In the next chapter, Nikos Zagklas digs even deeper into the Komnenian satiric soil, focusing in particular on satire as a way of voicing criticism against fellow authors and intellectuals. As already noted, Lucian is considered the model for much 12th-century satire, but Zagklas wishes to underline another important influence, namely the Hellenistic mock epigram. Two Prodromic pieces written in verse—Against a Lustful Old Woman and Against a Man with a Long Beard—are here thus seen as iambic rather than Lucianic. Some names keep coming back in this part of the volume, and Zagklas discusses not only Prodromos but also Tzetzes, rather well known for his attacks on other writers. In a comparison between the two, the differences in appropriating ancient models of invective are brought out—there were many ways of using ancient literature for attacking your opponents. In the final chapter of the volume, Markéta Kulhankova looks at one of the most famous comic texts of the 12th century, the vernacular Ptochoprodromika—the poems of ‘poor Prodromos.’ After a discussion of the complex issue of authorship, Kulhankova approaches the poems from the perspective of genre and text type. The Ptochoprodromic poems have been labeled as ‘begging poetry’ and satire, both of which have been criticized, but they have also been described as mimographic and rhetorical—something that indicates the complexity of their form. Here, they are instead seen as a mixture of laudatory, supplicatory, satiric, and parodic discourses. It is noted by Kulhankova that similar strategies, including the mixture of learned and vernacular, can be observed in contemporary Western poems by Hugh Primas and the so-called Archpoet, but also earlier in the Greco-Roman tradition. The satirical mode has simply been part of most literary endeavors throughout history.
It is clear that not all Byzantine satires or satirical discourses have been included in this volume. There are no chapters on the Timarion or the Katomyomachia, none on the Dramation by Michael Haplucheir or the Spanos. While such chapters certainly could and perhaps should have been included, the editors have been more interested in underlining the variety in satiric strategies than in the typical and full-fledged satires that are traditionally listed as part of the Byzantine tradition. We therefore refer the interested reader to the studies referenced in the respective chapters of this volume, hoping that the wider and partly comparative perspective offered here will be a welcome change for both Byzantinists and others. As noted by Przemystaw Marciniak in his Afterword, centuries of linguistic and cultural change may stand between us and Byzantine satire, but we hope that this volume can still make it more accessible to modern readers.

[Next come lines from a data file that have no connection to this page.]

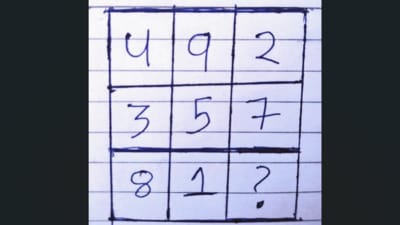 A brain teaser on X featuring a 3×3 grid left users guessing. (X/@brainyquiz_ ) A brain teaser on X featuring a 3×3 grid left users guessing. (X/@brainyquiz_ )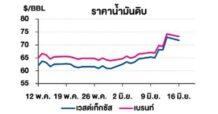 TOP วิเคราะห์สถานการณ์ราคาน้ำมัน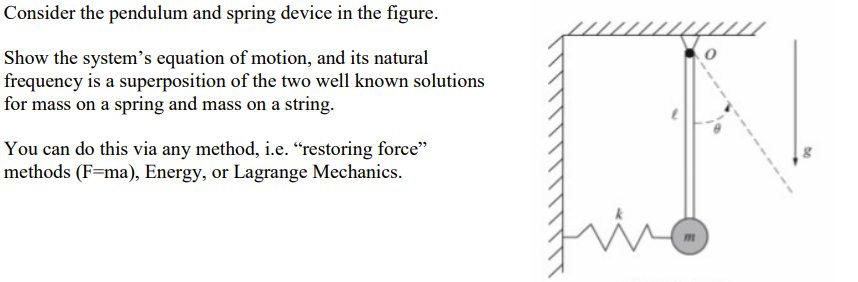 Solved Consider the pendulum and spring device in the | Chegg.com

Satire is a powerful tool—so powerful that today’s world leaders fear its consequences and feel the need to ban any attempt at mocking them. In 2016, Turkey asked Germany to prosecute comedian Jan BGhmermann over an offensive poem about President Erdogan. Boris Johnson, then Conservative MP, responded by composing a limerick in which ‘wankerer’ rhymes with the Turkish capital Ankara, and Erdogan has sex with a goat. Johnson invoked freedom of speech, as he did so often when he was writing mean parodies, defending them in the name of satire. But when he became prime minister in 2019—and a constant victim of vituperation in the British and international media—his penchant for ridicule waned. In that sense, not much seems to have changed. Some journalists and comedians argue that it is difficult to write satire in a world that appears to be increasingly absurd, but it is worth remembering Juvenal’s words: difficile est saturam non scribere (Satires 1.30)—it is difficult not to write satire. In any society that still strives or longs for social change, laughing at those in power is a crucial strategy; as argued by Ronald Paulsen, the satirist “demands decisions of his reader, not mere feelings.”!? As we hope to show with this volume, Byzantium was no exception.